### box's blog

By box, history, 15 months ago, 1054H - Epic Convolution

When I first saw this problem, I did not understand the editorial at all, so I decided to come up with my own solution. After noticing the extremely small modulo, I tried using it to my advantage.

First of all, $i^2$ and $j^3$ are purely random functions.

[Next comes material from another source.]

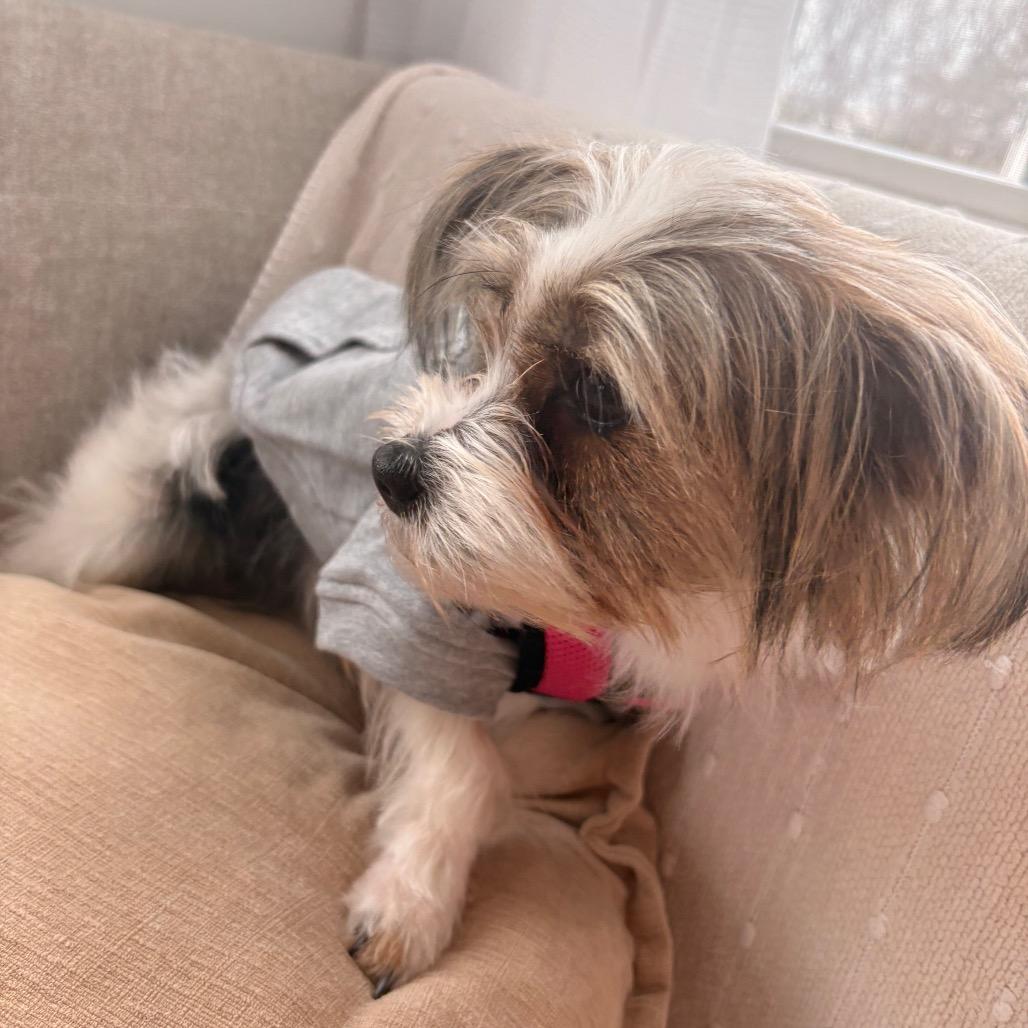 Janet, a Adoptable mixed breed in Arlington, VA image 2/6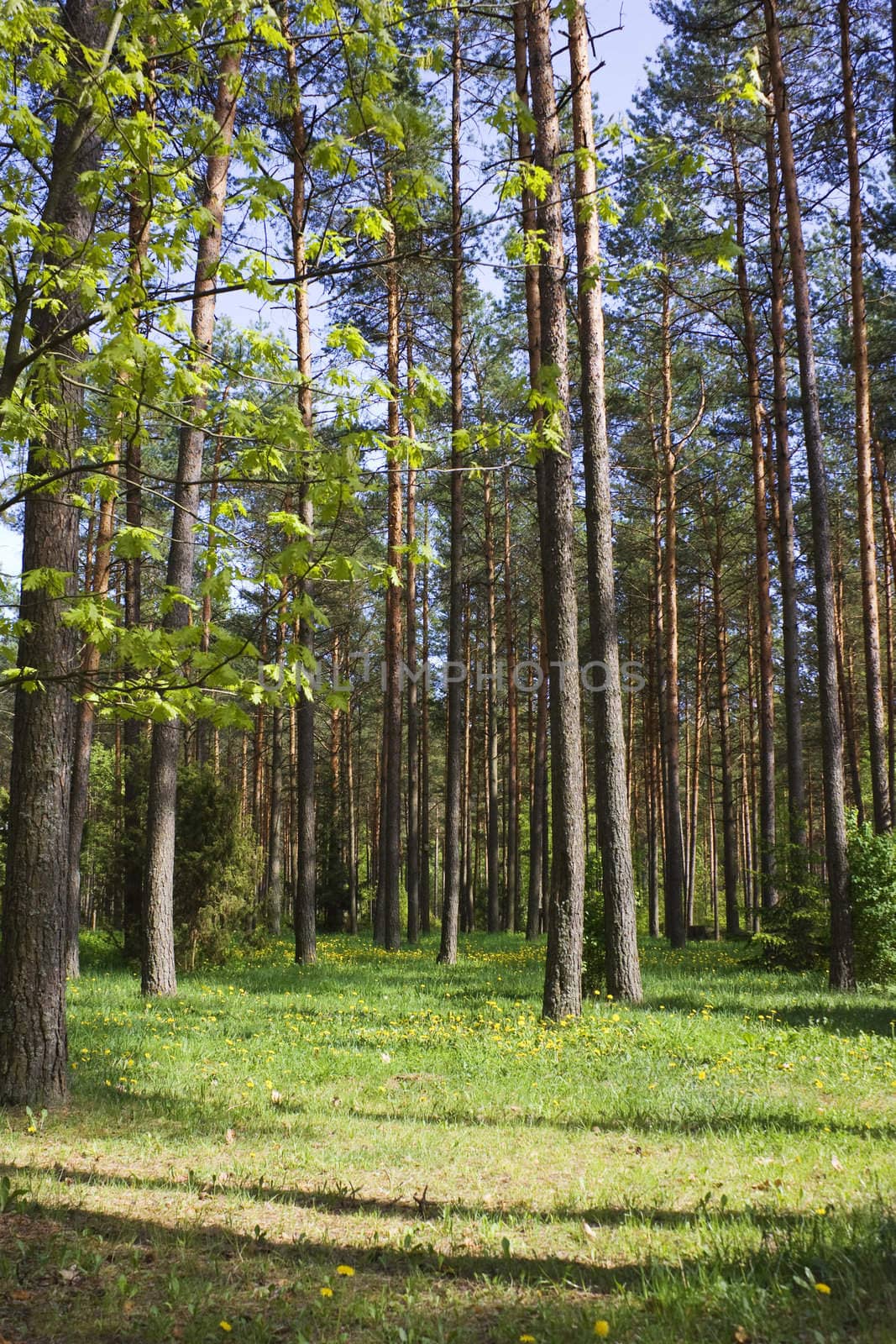 spring pinewood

They are really just a generic function that maps integers to numbers in the range $[0,MOD-2]$. Here we can take them modulo $MOD-1$ because of Fermat's little theorem and how the given mod, $490019$, is prime.

Call the function for array $a$ as $f$, and the function for array $b$ as $g$. Notice that if we "relabel" the arrays $a$ and $b$ into arrays $a'$ and $b'$ respectively such that $a'$ and $b'$ satisfy the following equalities:

\begin{align}a'_i=\sum_{f(j)=i}a_j,b'_i=\sum_{g(j)=i}b_j\end{align}

then the answer that we seek effectively becomes

\begin{align}\sum_{i=0}^{MOD-2}\sum_{j=0}^{MOD-2}a'_ib'_jc^{ij}\end{align}

Now, if we factor out $a'_i$, this becomes

\begin{align}\sum_{i=0}^{MOD-2}a'_i\sum_{j=0}^{MOD-2}b'_jc^{ij}\end{align}

Notice how the internal part is effectively evaluating the generating function of $b'$ at point $c^i$. Since $b'$ is a finite sequence of length $MOD-1$ evaluating it quickly at a points of the form $c^i$ is doable with Chirp-Z transform. The answer is now reduced to

\begin{align}\sum_{i=0}^{MOD-2}a'_iB'(c^i)\end{align}

which is computable in $O(\text{mod}\log\text{mod})$ time. Comments (9)
 » 15 months ago, # | ← Rev. 3 →   Today I learned to make Codeforces latex look good, you need to use \begin{align} and \end{align}
 » 15 months ago, # | ← Rev. 2 →   When can't understand editorialNormal people: "Help I can't understand editorial" + blog post.box: Comes up with own solution + blog post.
 » I found it interesting that your implementation of CZT computes values at powers of an arbitrary point. I've only seen it being used to compute values at powers of a square. The solution to this problem using CZT is described in this comment, but it uses more convolutions because of aforementioned issue with a square root and hence is much slower. I've also seen CZT implementation from another respectable coder 56657031, and it explicitly asks for the square root. Thank you for sharing both your clear approach and powerful implementation. Perhaps adamant, whose lectures on FFT are surely valued by CP community, wants to see this.
•  » » Hmm, I don't see anything new about CZT here. I mean, it can be used to calculate values at arbitrary points and the method is mentioned in my comment to which you've provided the link. And the author of this entry doesn't say in which way they used CZT to compute values at arbitrary values. Other than that I think that solution is effectively the same as mine. I mention primitive root $g$ for some reason in the comment but clearly it may be done with $c$ instead of it as well.
•  » » » Ah, it's just a different way of separating $ij$.In normal CZT, you use $ij=\frac{(i+j)^2}{2}-\frac{i^2}{2}-\frac{j^2}{2}$, but this only works when $c$ has a square root modulo MOD or you only want even powers. There is a different expansion, though: $ij=\binom{i+j}{2}-\binom{i}{2}-\binom{j}{2}$, which works for all kinds of $c$. Don't ask me who thought of this expansion....
•  » » » » Nice. I knew that it's possible to reduce odd powers to even powers, but this formula is hilarious. Really, how did you learn about it though? :)
•  » » » » » It's well known in China
•  » »
 » It's even easier to compute the convolution of $a'_i c^{\binom{i}{2}^{-1}}$ and $b'_i c^{\binom{i}{2}^{-1}}$. The answer is the sum of convolution coefficients, i-th coefficient multiplied by $c^{\binom{i}{2}}$. It would be a better solution to the general problem of finding the sum of $a_i b_j c^{ij}$, but that doesn't matter in this particular case as we have polynomials of a degree up to $MOD - 2$ anyway.Thank you for the plenty of your educational blogs.